Does the path taken can be behave like snake game? U turns? Up-down?

I tried with define steps from 0,0, then calculate minimum sum needed to get to next step from previous, so going through the grid with a downward diagonal line (like Dijkstra), but answer is a bit off.

16 - Nebula

This works for part 1 in under 10 seconds, we'll see how long part 2 takes, assuming it finishes (I'm currently at 8 minutes and it slows down the farther it goes...so it may take hours to finish). I may need to try something different for part 2 to help it finish faster.

Spoiler
I essentially try all paths, with the key being that I remember for each spot the minimum risk score. That way when you get to a spot with a higher score, you can terminate that branch from going any further. It slows down because I'm storing the total path as a string to help me try as few paths as possible. For part 2, it may be faster to try more paths and not keep the path history. I think it will get to the right answer eventually.

Super messy Macro:

16 - Nebula

Epic fail on part 2 (it may have never ended), so I reworked it for speed. I don't like it as much as my original logic, but part 2 now completes in <10 minutes.
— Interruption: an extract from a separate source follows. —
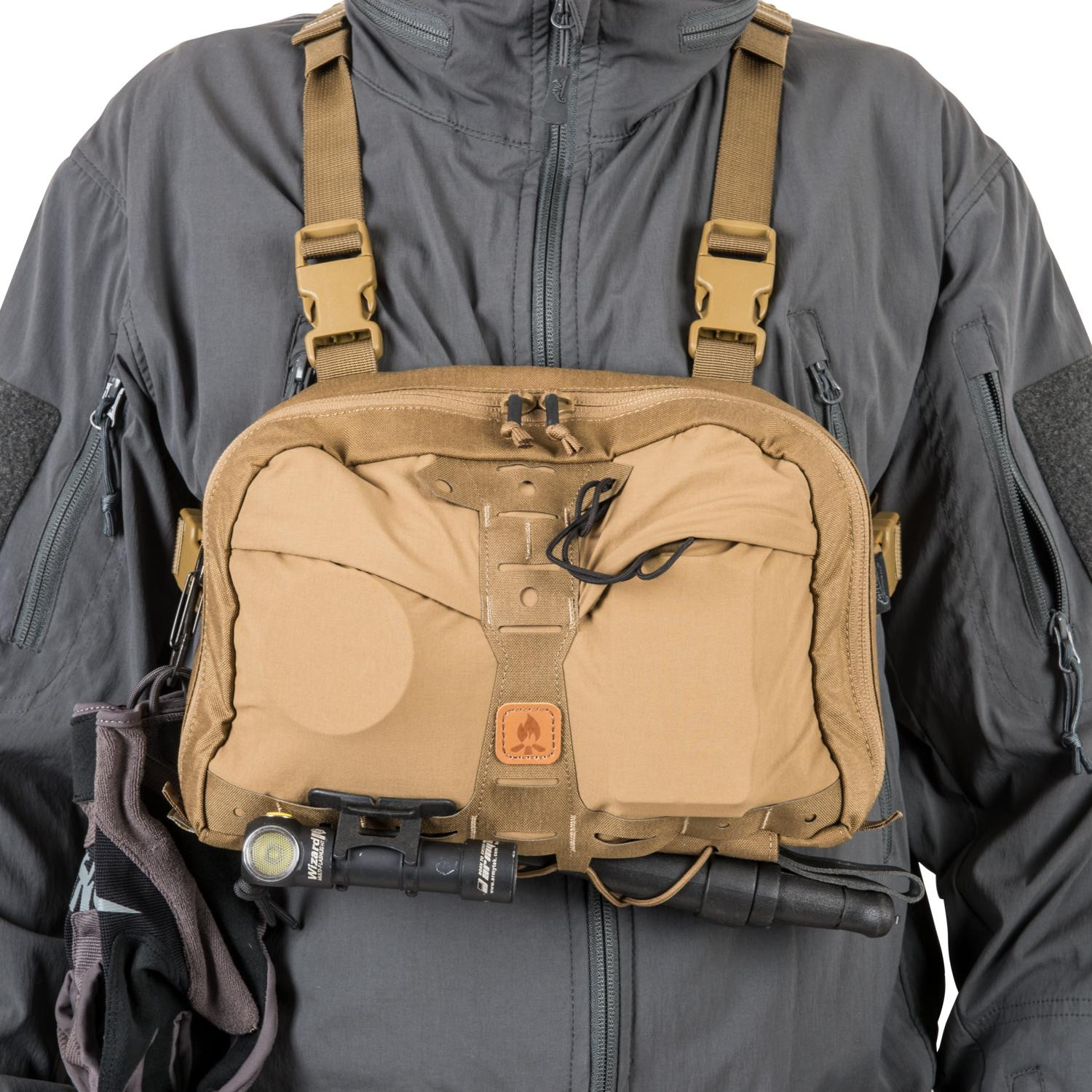 Tactical Chest Pack : Black – INFORMAL APPAREL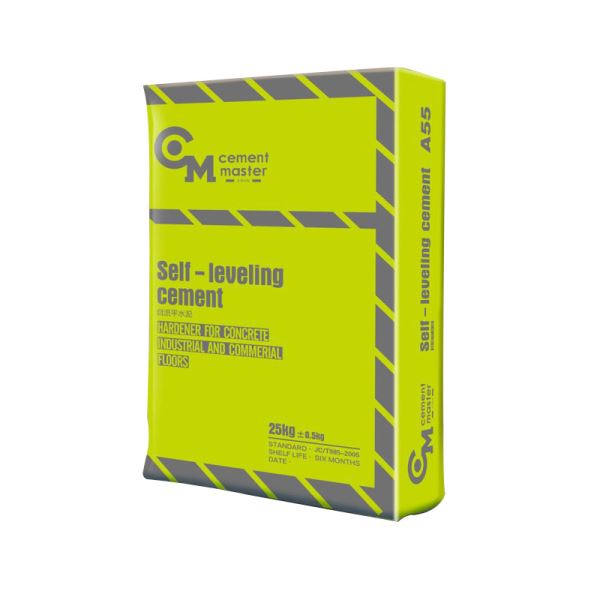 颜色定制产品面层自流平复合砂浆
I also just relied on manually updating the number of iterations.

Spoiler
Same logic as before, but I ditched the path thing and simplified as much as possible.

Iterative Macro:

11 - Bolide

Fast this was not.

Spoiler
Start with coordinates 0,0. Visit neighbours that we have not visited in the current path (now thinking this is not necessary and adds regex time). Add cost. Check if the accumulated cost is lower than any visit to this cell from any other path (keep if so, drop the full path otherwise).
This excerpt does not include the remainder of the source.